December 24, 2020 | AtoZ Markets – The Financial Regulation Working Group under the US Treasury Department has proposed tightening control over the circulation of stablecoins, citing the fact that these coins may pose a threat to monetary stability.
The authors of the document refer to the FATF and FinCEN recommendations regarding cryptocurrencies, including stablecoins pegged to the US dollar.
Here are just a few new rules that will come into force this year:
- registration of the issuer in the Financial Crimes Network (FinCEN);
- developing, implementing, and maintaining an effective program to combat money laundering;
- compliance with accounting and reporting requirements, including reporting of suspicious activity;
- development and implementation of individual sanctions based on compliance programs.
Stablecoin issuers must be willing to pay damages in a 1: 1 ratio
Special attention is paid to protecting the rights of stablecoin holders. As stated in the document, issuers of stablecoins must have a reserve of fiat currency in order to exchange stablecoins for US dollars or another currency in case of an unforeseen situation, at a rate of 1: 1 minus commissions and fees. At the same time, reserve assets must be held remotely and be protected from bankruptcy and from other creditors of the company.
“Stablecoins’ mechanisms should offer clear error resolution processes, protect users from fraudulent or misleading actions or practices, and protect user data,” the document says.
Despite the impending restrictions, the working group members recognize that digital payments, including USD-backed and other stablecoin schemes used as payment systems, can increase efficiency and competition, lower costs, and facilitate broader financial inclusion.
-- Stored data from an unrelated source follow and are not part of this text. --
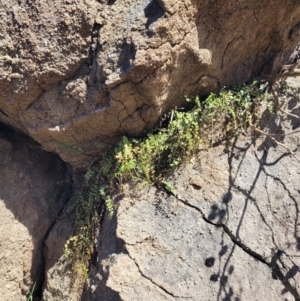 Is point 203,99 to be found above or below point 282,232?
above

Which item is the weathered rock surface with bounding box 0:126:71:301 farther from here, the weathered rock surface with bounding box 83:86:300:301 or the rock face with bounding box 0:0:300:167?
the weathered rock surface with bounding box 83:86:300:301

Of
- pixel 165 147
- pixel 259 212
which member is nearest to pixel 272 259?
pixel 259 212

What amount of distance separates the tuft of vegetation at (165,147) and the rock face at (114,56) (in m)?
0.12

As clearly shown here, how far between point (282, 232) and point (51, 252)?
1.82 metres

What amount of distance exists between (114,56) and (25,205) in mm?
1531

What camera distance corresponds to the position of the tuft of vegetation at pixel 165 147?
3113 millimetres

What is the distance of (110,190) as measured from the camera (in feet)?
10.5

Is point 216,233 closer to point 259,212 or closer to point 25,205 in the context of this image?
point 259,212

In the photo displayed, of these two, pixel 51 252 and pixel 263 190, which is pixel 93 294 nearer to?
pixel 51 252

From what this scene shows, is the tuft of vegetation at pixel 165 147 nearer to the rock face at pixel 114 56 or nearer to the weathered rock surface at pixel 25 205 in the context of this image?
the rock face at pixel 114 56

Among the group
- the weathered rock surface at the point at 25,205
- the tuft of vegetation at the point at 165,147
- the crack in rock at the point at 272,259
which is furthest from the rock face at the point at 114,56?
the crack in rock at the point at 272,259

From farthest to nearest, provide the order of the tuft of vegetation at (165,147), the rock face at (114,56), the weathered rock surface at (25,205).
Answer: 1. the weathered rock surface at (25,205)
2. the tuft of vegetation at (165,147)
3. the rock face at (114,56)

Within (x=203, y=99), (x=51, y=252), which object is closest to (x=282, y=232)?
(x=203, y=99)

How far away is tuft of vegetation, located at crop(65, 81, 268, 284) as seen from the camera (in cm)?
311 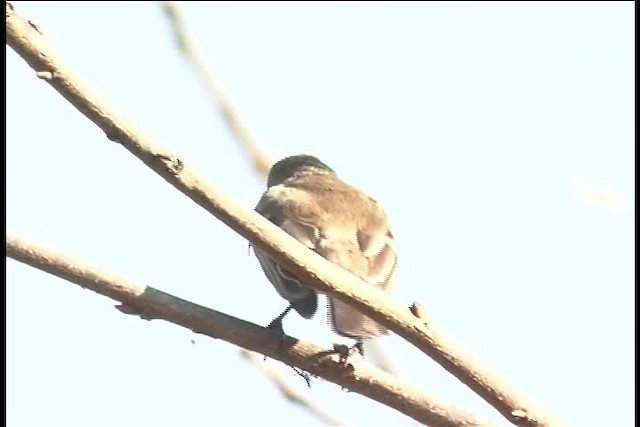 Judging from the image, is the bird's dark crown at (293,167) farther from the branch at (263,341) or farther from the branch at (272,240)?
the branch at (272,240)

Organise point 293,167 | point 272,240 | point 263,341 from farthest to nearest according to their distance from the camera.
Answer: point 293,167 → point 263,341 → point 272,240

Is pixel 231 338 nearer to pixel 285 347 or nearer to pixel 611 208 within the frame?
pixel 285 347

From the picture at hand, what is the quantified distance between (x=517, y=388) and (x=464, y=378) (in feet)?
0.78

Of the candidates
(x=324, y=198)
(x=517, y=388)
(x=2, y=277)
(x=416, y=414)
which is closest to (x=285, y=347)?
(x=416, y=414)

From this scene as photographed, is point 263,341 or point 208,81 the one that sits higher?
point 208,81

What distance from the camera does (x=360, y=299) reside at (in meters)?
3.70

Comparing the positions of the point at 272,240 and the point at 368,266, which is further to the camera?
the point at 368,266

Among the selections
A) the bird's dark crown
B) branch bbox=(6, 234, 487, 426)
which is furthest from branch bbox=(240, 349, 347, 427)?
the bird's dark crown

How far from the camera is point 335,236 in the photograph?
17.7 ft

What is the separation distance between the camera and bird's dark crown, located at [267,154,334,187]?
7.55m

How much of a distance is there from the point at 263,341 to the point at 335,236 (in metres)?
1.41

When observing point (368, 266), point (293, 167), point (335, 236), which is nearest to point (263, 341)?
point (368, 266)

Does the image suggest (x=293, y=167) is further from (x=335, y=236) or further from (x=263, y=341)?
(x=263, y=341)

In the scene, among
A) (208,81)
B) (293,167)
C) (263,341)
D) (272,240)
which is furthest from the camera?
(293,167) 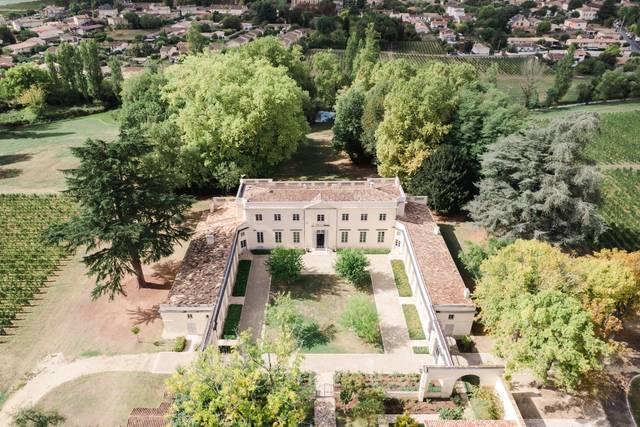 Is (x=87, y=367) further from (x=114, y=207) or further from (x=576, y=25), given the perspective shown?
(x=576, y=25)

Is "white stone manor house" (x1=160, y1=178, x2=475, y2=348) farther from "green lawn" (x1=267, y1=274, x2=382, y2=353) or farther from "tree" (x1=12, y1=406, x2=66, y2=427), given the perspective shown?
"tree" (x1=12, y1=406, x2=66, y2=427)

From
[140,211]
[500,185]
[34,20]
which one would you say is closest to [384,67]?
[500,185]

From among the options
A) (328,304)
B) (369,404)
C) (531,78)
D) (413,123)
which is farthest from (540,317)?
(531,78)

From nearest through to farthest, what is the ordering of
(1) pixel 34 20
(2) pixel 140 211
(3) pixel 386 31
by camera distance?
(2) pixel 140 211 < (3) pixel 386 31 < (1) pixel 34 20

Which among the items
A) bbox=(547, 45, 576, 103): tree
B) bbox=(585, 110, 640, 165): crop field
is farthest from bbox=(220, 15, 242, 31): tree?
bbox=(585, 110, 640, 165): crop field

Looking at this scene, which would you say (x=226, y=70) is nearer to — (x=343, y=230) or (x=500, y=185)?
(x=343, y=230)

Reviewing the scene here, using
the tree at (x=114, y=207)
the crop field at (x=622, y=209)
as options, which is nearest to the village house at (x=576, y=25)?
the crop field at (x=622, y=209) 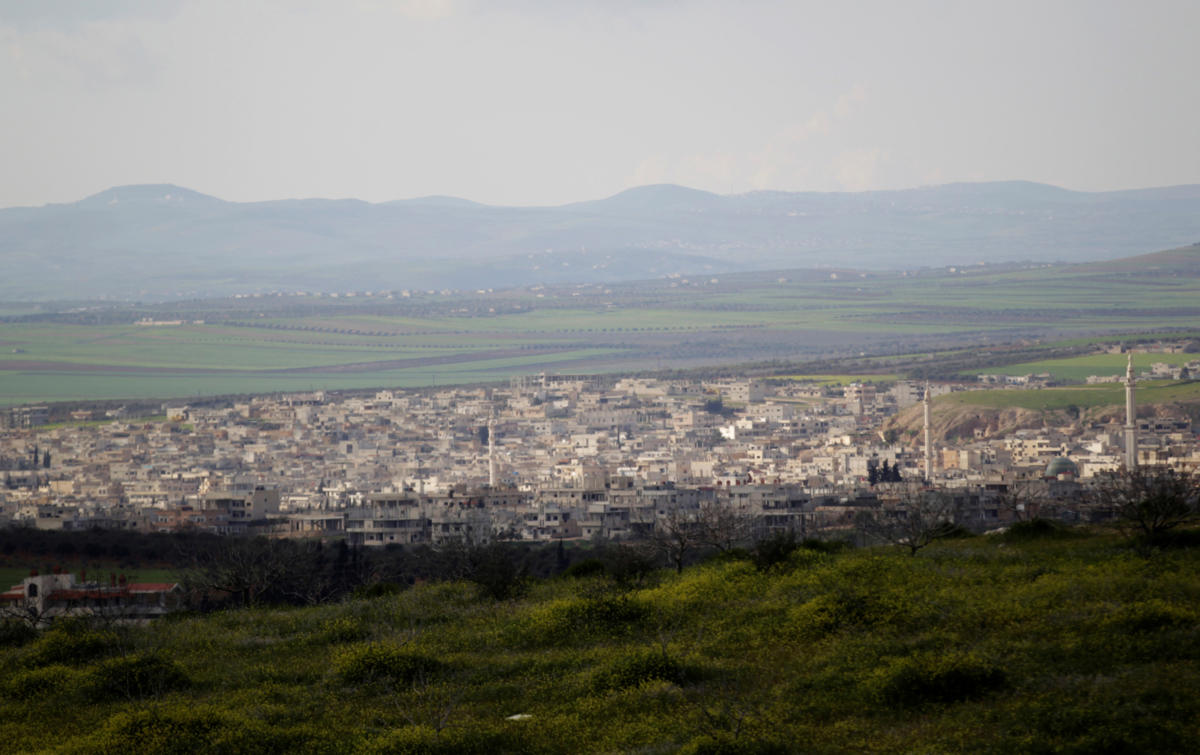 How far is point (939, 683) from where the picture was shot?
1269 centimetres

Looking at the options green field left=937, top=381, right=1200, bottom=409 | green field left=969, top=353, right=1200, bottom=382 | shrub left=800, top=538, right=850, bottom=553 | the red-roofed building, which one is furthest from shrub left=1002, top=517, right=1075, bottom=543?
green field left=969, top=353, right=1200, bottom=382

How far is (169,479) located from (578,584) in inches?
2907

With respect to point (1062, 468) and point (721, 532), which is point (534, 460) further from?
point (721, 532)

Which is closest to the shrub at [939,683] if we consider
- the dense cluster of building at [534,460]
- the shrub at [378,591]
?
the shrub at [378,591]

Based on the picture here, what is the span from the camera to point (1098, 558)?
59.3 ft

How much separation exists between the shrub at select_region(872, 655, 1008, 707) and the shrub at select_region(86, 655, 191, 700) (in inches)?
318

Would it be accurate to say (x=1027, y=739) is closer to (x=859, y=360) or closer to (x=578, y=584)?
(x=578, y=584)

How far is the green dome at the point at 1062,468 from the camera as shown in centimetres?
6594

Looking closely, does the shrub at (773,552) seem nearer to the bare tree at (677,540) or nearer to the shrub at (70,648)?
the bare tree at (677,540)

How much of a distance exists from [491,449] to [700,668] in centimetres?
9052

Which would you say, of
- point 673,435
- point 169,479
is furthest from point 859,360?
point 169,479

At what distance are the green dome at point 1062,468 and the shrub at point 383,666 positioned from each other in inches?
2087

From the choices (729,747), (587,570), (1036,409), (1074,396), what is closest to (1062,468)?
(1036,409)

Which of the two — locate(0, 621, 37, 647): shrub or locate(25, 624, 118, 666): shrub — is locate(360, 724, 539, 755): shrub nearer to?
locate(25, 624, 118, 666): shrub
“The statement reflects a commitment to both promoting the important benefits of innovation and achieving critical goals related to national security and financial stability. Regulators will continue to closely monitor the stablecoin agreements and look forward to further dialogue on these issues,” said Deputy Finance Minister Justin Muzinich.
The working group included the US Treasury Secretary, Chairman of the Board of Governors of the Federal Reserve System, Chairman of the Securities and Exchange Commission, and Chairman of the Commodity Futures Trading Commission.
Earlier, the community criticized the decision of US lawmakers to impose restrictions on the issuance of private stablecoins, citing the protection of the rights of “people of different skin colors with low and middle income.”
Europe is also against stablecoins
The European Central Bank is also against the turnover of stablecoins. Earlier, the head of the ECB, Christine Lagarde, said that stablecoins could threaten the stability of the euro and its digital form, so she called on her colleagues to speed up the process of developing the CBDC.
“The digital euro will complement cash and ensure that consumers continue to have unlimited access to central bank money in a form that meets their growing digital payment needs, ” Lagarde said .
In September of this year, several EU member states at once advocated stricter regulation of the turnover of stablecoins. So, Germany, France, Italy, Spain, and the Netherlands called on the European Commission to increase pressure on issuers of stablecoins, arguing tightening “consumer protection” and “preservation of state sovereignty in monetary policy.”
Speaking of stablecoins, European politicians mean primarily the Libra stablecoin (recently rebranded to Diem), which can compete with all currently existing fiat currencies.
Despite the tightening of requirements, the capitalization of stablecoins is growing steadily. For example, the capitalization of USDC grew by 10%, and the capitalization of the stablecoin USDT exceeded $10 billion.